EXERCISE INPUT -
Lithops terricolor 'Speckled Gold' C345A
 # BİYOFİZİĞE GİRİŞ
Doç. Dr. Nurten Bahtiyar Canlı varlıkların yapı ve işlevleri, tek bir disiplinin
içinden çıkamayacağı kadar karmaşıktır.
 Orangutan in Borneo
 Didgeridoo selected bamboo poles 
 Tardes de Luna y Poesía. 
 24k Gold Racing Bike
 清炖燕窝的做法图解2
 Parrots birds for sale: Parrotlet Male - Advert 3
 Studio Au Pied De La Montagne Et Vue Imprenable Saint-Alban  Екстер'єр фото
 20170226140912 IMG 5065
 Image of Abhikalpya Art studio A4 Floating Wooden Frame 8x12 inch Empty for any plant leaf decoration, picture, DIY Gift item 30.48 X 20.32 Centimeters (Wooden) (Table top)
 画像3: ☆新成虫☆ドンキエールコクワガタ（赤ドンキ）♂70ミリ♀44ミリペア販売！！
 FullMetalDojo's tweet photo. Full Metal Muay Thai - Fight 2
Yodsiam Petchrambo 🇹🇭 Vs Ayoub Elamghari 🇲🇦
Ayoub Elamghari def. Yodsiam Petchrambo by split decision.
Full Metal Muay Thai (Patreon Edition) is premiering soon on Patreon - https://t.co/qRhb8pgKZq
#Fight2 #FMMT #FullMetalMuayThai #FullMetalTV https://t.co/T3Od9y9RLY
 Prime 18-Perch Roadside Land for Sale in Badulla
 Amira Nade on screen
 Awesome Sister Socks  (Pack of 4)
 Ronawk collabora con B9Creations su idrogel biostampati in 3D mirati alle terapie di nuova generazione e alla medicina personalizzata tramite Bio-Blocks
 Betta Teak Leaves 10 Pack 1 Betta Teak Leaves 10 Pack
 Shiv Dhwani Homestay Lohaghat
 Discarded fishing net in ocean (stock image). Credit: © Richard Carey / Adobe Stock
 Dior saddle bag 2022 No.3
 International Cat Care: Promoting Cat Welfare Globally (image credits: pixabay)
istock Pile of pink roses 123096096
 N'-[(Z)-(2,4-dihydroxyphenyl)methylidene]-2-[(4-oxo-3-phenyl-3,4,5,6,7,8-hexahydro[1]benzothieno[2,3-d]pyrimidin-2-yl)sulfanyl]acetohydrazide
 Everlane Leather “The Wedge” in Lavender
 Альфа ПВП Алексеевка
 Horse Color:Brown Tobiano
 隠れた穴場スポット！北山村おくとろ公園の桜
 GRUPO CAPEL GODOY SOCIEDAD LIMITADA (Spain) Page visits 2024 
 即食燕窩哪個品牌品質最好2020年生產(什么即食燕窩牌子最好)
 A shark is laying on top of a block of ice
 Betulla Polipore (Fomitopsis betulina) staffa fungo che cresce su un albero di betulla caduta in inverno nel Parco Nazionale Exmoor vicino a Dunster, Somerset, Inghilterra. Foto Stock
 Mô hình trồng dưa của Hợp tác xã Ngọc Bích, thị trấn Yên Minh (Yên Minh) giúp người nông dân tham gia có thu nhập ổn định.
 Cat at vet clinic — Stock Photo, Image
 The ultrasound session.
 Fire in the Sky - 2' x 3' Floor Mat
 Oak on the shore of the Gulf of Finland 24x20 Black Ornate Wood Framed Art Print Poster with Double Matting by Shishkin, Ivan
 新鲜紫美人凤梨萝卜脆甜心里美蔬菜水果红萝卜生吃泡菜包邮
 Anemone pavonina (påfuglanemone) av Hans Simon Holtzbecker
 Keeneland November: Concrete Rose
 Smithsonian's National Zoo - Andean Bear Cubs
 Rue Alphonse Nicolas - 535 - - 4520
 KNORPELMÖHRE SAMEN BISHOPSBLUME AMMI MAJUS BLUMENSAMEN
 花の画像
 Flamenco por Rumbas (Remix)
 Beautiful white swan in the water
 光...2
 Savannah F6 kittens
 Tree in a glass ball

YOUR GOAL - Output the lines above between the one holding "# BİYOFİZİĞE GİRİŞ" and the one holding "Ayoub Elamghari def.", inclusive, with nothing before or after them.

FINISHED TASK -
 # BİYOFİZİĞE GİRİŞ
Doç. Dr. Nurten Bahtiyar Canlı varlıkların yapı ve işlevleri, tek bir disiplinin
içinden çıkamayacağı kadar karmaşıktır.
 Orangutan in Borneo
 Didgeridoo selected bamboo poles 
 Tardes de Luna y Poesía. 
 24k Gold Racing Bike
 清炖燕窝的做法图解2
 Parrots birds for sale: Parrotlet Male - Advert 3
 Studio Au Pied De La Montagne Et Vue Imprenable Saint-Alban  Екстер'єр фото
 20170226140912 IMG 5065
 Image of Abhikalpya Art studio A4 Floating Wooden Frame 8x12 inch Empty for any plant leaf decoration, picture, DIY Gift item 30.48 X 20.32 Centimeters (Wooden) (Table top)
 画像3: ☆新成虫☆ドンキエールコクワガタ（赤ドンキ）♂70ミリ♀44ミリペア販売！！
 FullMetalDojo's tweet photo. Full Metal Muay Thai - Fight 2
Yodsiam Petchrambo 🇹🇭 Vs Ayoub Elamghari 🇲🇦
Ayoub Elamghari def. Yodsiam Petchrambo by split decision.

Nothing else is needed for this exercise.